Are there any side effects?
Some patients find that their visual acuity changes during treatment, but this returns to normal following the completion of treatment schedules. Patients are advised not to change their lens prescription. Cataracts may be accelerated by HBOT, but are never caused by it.
There may be some ear discomfort, and this, if it happens, should be discussed with the staff. There are few counter-indications for HBOT, and even fewer unwanted side effects, however, for precautionary reasons we do not treat pregnant women except for life threatening emergencies.
What can be treated?
HBOT is used to treat all conditions which benefit from increased tissue oxygen availability, as well as infections where it can be used for its antibiotic properties, either as the primary therapy, or in conjunction with other drugs. Indications include:
Conditions which are treated as "Treatments of first choice" include the following:
Primary indications Air or gas embolism, Carbon monoxide or smoke inhalation, Cyanide poisoning, Gangrene - including diabetic ulceration) Crush injury and acute ischemia, Wound healing (including surgical wounds), Exceptional blood loss and other acute anernias, Soft tissue necrosis (including spider bite), Osteomyelitis, Osteoradionecrosis, Soft tissue radionecrosis, Thermal burns, Meleney Ulcer, Acute peripheral arterial insufficiency, Skin grafts and flaps including stump ulcerations, Edema, including cerebral or spinal edema, Actinomycosis
Closed head injuries, Sickle cell crisis, Blast injuries, Hydrogen sulfide poisoning, Anoxic brain injuries, Peyote poisoning, Feus, Spinal cord contusions, Vasculitis, Occlusive stroke, Encephalitis and encephalopathy, Cranial nerve syndromes, Peripheral neuropathy, Charcot Marla's Tooth Disease, Cellulitis, Necrotizing Fasciitis, Clostridial bacterial infections, Bone surgery, fractures and grafting, Aseptic necrosis, Peripheral vascular ulceration, Burger's disease, Frostbite, Diabetic retinopathy, Retinal artery occlusion, Retinal vein thrombosis, Leprosy, Migraine, Pneumatosis Cystitis, Pseudomembranous colitis, Rheumatoid Arthritis (acute), Scleroderma, Peptic ulcer, Myocardial infarction, Refractory Mycosis
There are of course many other illnesses which may be treated with HBOT, often in combination with surgery or pharmaceutical drugs. Any condition which has hypoxic elements will benefit from HBOT. Given at the appropriate time, or as an adjunctive therapy, HBOT can significantly reduce recovery time and after care costs.

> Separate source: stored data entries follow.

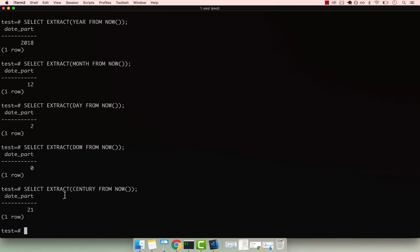You can also extract milliseconds and other things. But basically, I just want to show you how to extract the essential values from a given date. This is all for this video. Join me in the next one. See ya.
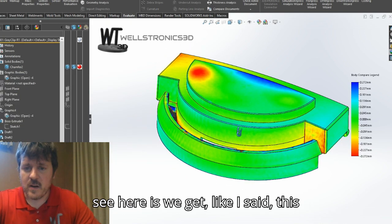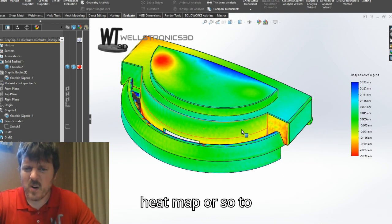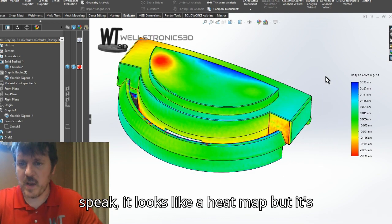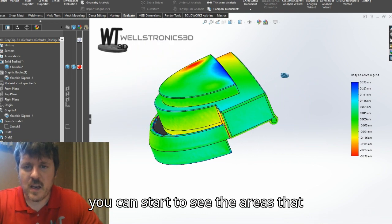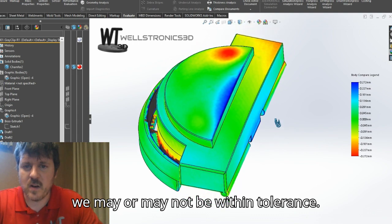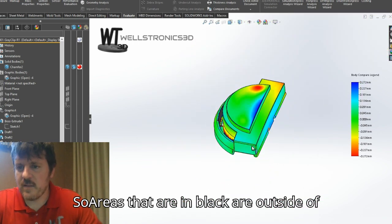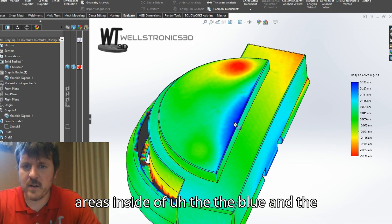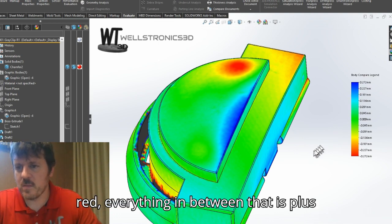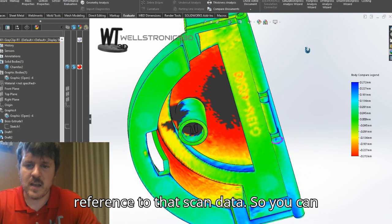What you can see here is — like I said — this tolerance map. Areas that are in black are outside of the legend, so those are areas of concern when we design a part. Everything inside of the blue and the red is within plus or minus 0.272 millimeters in reference to that scan data.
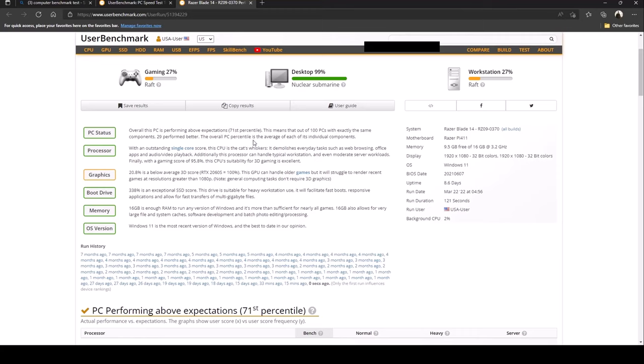What about the processor? So with an outstanding single core score, the CPU is the cat's whiskers. It demolishes everyday tasks such as web browsing, office apps, and audio video playback. Additionally this processor can handle typical workstation and even moderate server workloads. Finally with a gaming score of 95.8, CPU sustainability for 3D gaming is excellent.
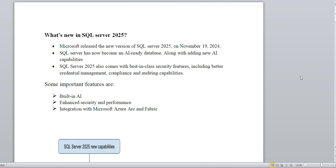We are going to discuss the new features of SQL Server 2025. Many features have been enhanced in 2025, but there are three components which are totally new — things added in 2025 that were not in any previous version. SQL Server 2025 was introduced in late 2024.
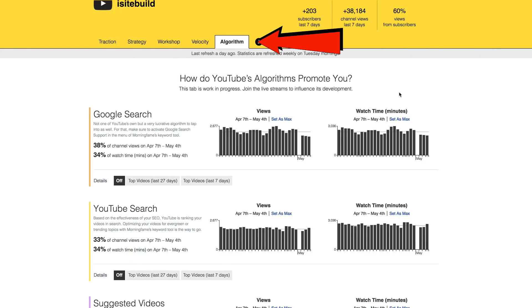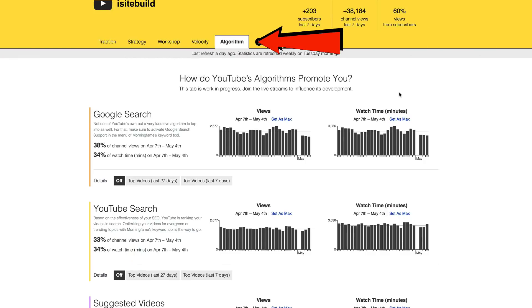If you want to get access to Morning Fame to generate new video ideas based on your own channel, to see if your channel is trending upwards, and to see how much each video contributed to channel growth, click the link in the description below. Morning Fame recently added an algorithm tab that shows how YouTube algorithms are promoting your channel in Google search, YouTube search, and suggested videos.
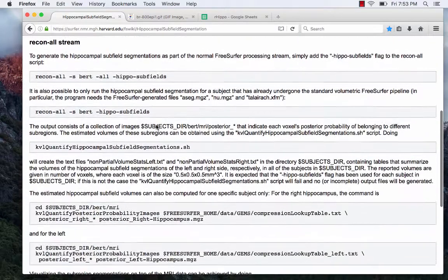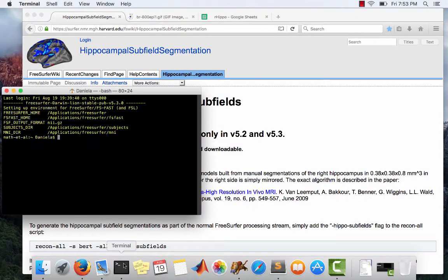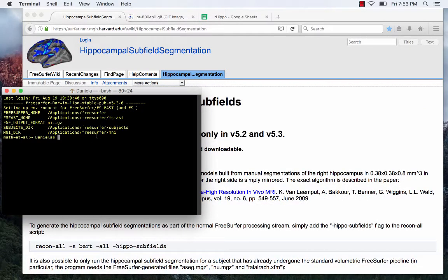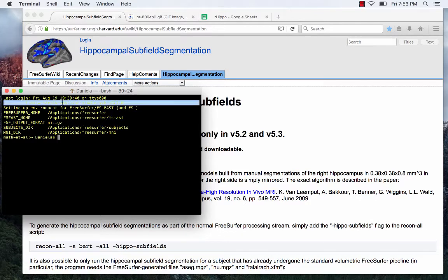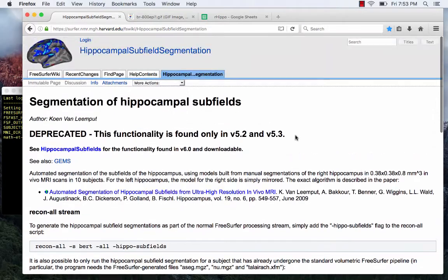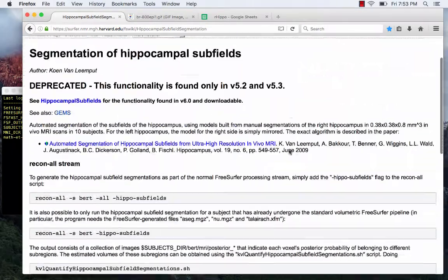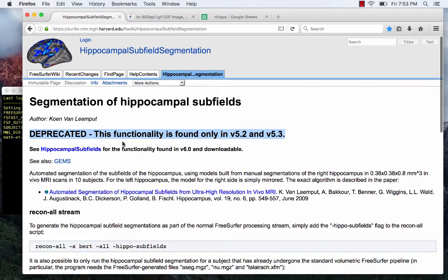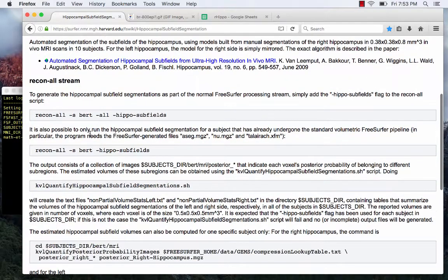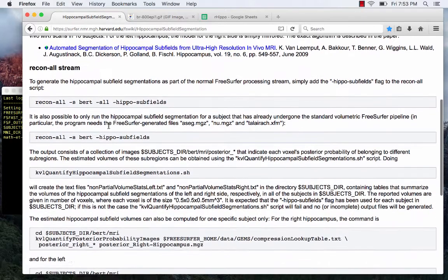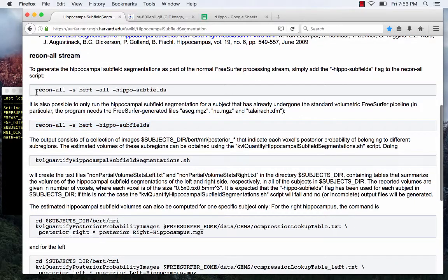So for the 5.3 version: if you have your bash profile set up to run FreeSurfer already, just open a terminal and it will tell you up top that it's version 5.3. If you're using 5.3 and want to follow along, go to the relevant web page — it says it's deprecated, but it still works.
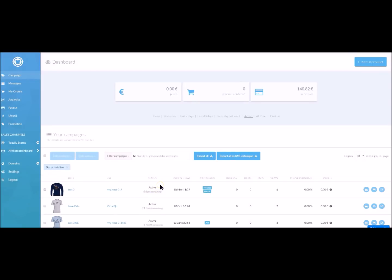Hello everybody, today we will introduce you to a brand new Teasily feature which will allow you to export all your campaigns in an XML format and therefore to create a catalogue on Facebook to launch dynamic ads.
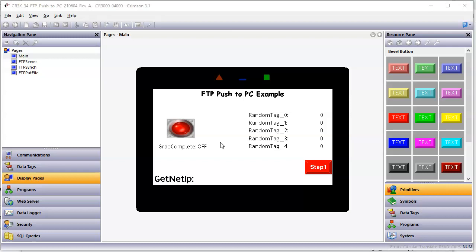We're going to do this a couple ways. First, by enabling the FTP server on the Redline device. And then we're also going to use the FTP sync command to automatically send our datalog files over to another device that's acting as an FTP server.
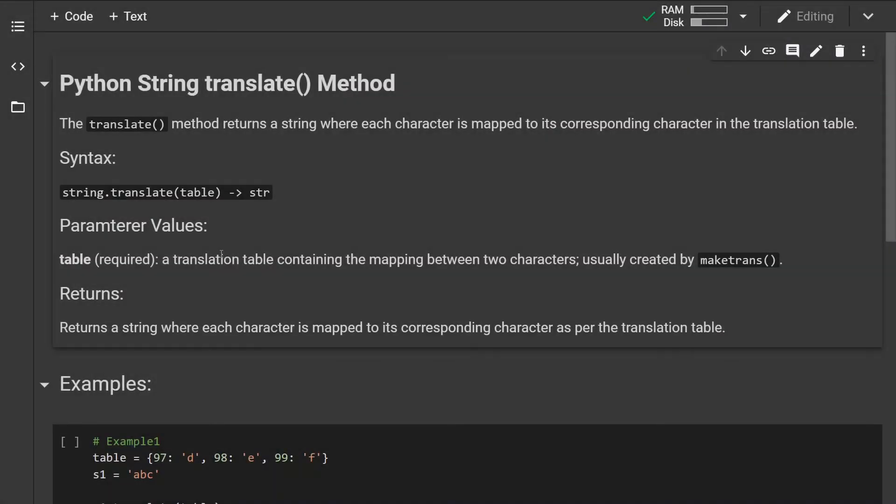Hello guys, in this video I will show you the translate string method in Python. The translate method returns a string where each character is mapped to its corresponding character in the translation table.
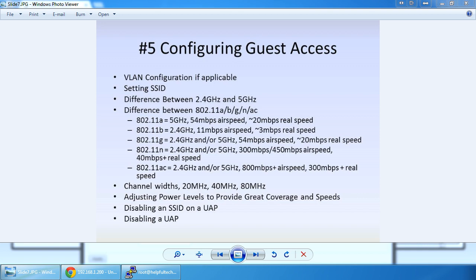A trick to steer users to 5 GHz instead of 2.4 GHz, if you don't have band steering capability on the controller or access point, is to create two SSIDs. Create one for your 2.4 GHz — call it just 'guest' — and another for the 5 GHz and call it 'guest high speed.' Then go into the 2.4 GHz and disable the SSID broadcast of the guest high speed, and go into the 5 GHz card and disable the broadcast of the standard guest SSID. This will psychologically get clients to connect to the 5 GHz card because who wouldn't want more speed?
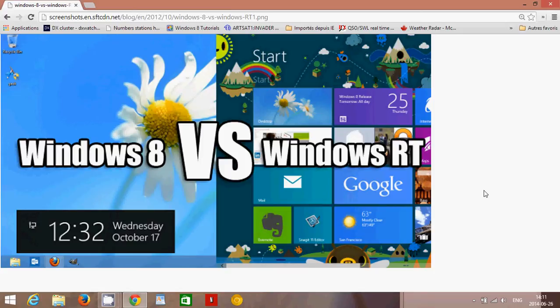Windows 8 does support a very wide variety of hardware — printers, scanners, webcams, mice, and so on. So whatever you are using, there's a pretty good chance it's going to work in Windows 8. That's another thing to consider.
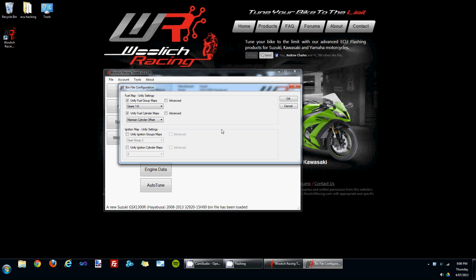What this does is maintain the factory cylinder offsets. From the factory, each of the cylinder maps are slightly different. So if you'd like to retain these factory offsets, you choose the maintain cylinder offset option.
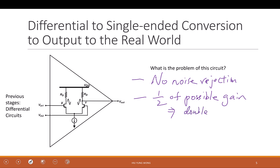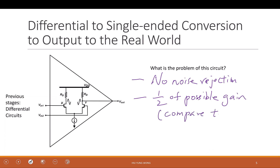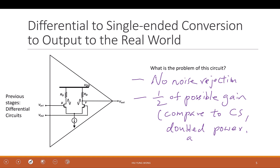If you only have half the gain, that means you've doubled the power consumption compared to, say, a simple common source. You doubled the power and doubled the area because you need two branches. So you wasted resources. This is not a good idea. So what can we do?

HBOT is currently one of the most rapidly advancing modalities in American medicine. Research work is being done into the uses of HBOT in the treatment regimes of:
Migraine Alzheimer/senility Damaged brain cells In combination with chemo/radiation therapy Acceleration of tumor necrosis B cell Leukemia Rapid healing for plastic surgery AIDS Cardiac dysfunction Stroke HBOT given to stroke victims in Germany has been shown to reduce aftercare costs by more than 70%.